The Republicans had lost control of the Senate, and on the
international front, the Bush administration was increasingly
isolated, with nominal allies as well as enemies opposing its
aggressive and unilateralist posture. The events of September
11 were seized on by those who run the Bush administration as
a welcome opportunity to shore up the government and rally public
support by launching a military attack on the alleged perpetrators,
while preparing for an upsurge of social struggle over rising
unemployment, worsening slump and the government's pro-corporate
policies by expanding and restructuring the police powers of the
state.
The Bush administration's domestic "anti-terror"
campaign must serve as a sharp warning. After the Florida debacle
of November and December 2000, there were complacent commentaries
in the press declaring that, unlike many other countries, the
bitter political struggle in the United States did not end with
tanks in the streets. Now the tanks are in the streets, and soldiers
surround the Capitol, in what might be called a slow-motion coup
d'état.
All of the traditional norms of bourgeois democracy in the
US are in question. The Bush administration expresses the contempt
for democracy that pervades powerful sections of the American
corporate and financial oligarchy, as well as their fascistic
allies in the Christian right, the gun lobby and the militia movement.
They are determined to go as far as they can in establishing an
authoritarian regime. Such concepts as the separation of powers
between the three branches of government and legislative oversight
of the executive branch are being tossed aside in the effort to
vastly expand the police powers of the federal executive.
It is worth noting that at the height of the anthrax scare,
in mid-October, congressional Republicans favored shutting down
Congress and adjourning indefinitely, the better to give Bush,
the FBI, the CIA and the military a free hand, both abroad and
at home.
The Bush administration's war on democratic rights has exposed
the inability of the Democratic Party to offer any serious opposition
to the extreme-right forces that dominate the Republican Party.
Within hours of the September 11 attacks, the Democrats pledged
unconditional support to the Bush White House, declaring that
political dissent was no longer permissible. The Democratic leadership
not only lined up to give Bush an open-ended mandate to wage war
abroad, it insured the passage of his "anti-terror"
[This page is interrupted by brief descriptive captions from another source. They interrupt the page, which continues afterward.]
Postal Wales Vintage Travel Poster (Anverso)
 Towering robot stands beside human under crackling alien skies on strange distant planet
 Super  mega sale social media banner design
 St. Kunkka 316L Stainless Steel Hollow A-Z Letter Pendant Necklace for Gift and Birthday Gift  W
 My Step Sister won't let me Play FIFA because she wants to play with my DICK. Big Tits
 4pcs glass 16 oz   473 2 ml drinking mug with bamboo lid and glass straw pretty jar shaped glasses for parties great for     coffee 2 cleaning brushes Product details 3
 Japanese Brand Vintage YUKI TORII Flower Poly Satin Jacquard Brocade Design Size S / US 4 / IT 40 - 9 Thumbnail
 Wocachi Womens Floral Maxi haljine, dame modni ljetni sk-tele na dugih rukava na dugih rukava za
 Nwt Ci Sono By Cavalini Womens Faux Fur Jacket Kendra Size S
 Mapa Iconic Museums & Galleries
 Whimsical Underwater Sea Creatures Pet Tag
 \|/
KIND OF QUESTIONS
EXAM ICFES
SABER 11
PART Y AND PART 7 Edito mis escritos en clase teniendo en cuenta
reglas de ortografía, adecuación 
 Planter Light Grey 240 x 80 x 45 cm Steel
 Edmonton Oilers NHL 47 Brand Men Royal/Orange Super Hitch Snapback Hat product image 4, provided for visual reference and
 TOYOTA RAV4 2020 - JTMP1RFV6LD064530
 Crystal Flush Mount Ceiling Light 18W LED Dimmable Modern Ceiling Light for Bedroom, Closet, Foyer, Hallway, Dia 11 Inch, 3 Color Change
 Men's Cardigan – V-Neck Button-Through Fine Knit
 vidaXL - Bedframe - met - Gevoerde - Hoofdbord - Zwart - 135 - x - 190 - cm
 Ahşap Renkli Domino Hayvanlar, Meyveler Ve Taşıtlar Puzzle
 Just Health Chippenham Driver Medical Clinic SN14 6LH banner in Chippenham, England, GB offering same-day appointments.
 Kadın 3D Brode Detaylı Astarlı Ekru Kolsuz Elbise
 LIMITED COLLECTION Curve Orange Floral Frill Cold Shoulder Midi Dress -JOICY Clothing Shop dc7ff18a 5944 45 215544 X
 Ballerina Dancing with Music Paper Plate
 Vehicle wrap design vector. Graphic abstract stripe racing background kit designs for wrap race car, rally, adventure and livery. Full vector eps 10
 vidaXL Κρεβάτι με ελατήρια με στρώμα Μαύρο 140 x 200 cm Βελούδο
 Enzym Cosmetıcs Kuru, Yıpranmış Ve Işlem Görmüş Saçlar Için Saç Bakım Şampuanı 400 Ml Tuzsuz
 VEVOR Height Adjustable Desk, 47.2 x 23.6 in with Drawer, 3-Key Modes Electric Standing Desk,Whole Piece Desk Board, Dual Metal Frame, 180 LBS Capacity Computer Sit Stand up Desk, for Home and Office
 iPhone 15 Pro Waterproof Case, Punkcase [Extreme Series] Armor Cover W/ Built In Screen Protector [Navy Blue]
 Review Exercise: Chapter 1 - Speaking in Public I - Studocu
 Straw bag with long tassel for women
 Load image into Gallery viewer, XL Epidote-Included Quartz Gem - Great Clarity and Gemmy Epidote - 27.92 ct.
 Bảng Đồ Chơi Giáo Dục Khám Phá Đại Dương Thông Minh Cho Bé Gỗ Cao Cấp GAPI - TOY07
bill, suppressed any investigation of the unexplained intelligence
failure that allowed the September 11 attacks to take place, and
sanctioned the trashing of constitutional safeguards in the ongoing
police dragnet.
The political collapse of the Democratic Party is the culmination
of a protracted process of adaptation to the most right-wing sections
of the ruling elite. In their craven response first to the Republican
impeachment conspiracy, and then to the theft of the 2000 election,
the Democrats already demonstrated their inability and unwillingness
to defend democratic rights.
While for the moment, the vast majority of those caught up
by the government's dragnet are immigrants of Middle-Eastern and
Central Asian descent, it is only a matter of time before these
anti-democratic methods will be used more widely. The wholesale
attack on democratic rights can only be halted through the independent
organization of the working class, which unites all sections of
the working population-immigrant and US-born-in a political struggle
against the financial oligarchy and its political representatives.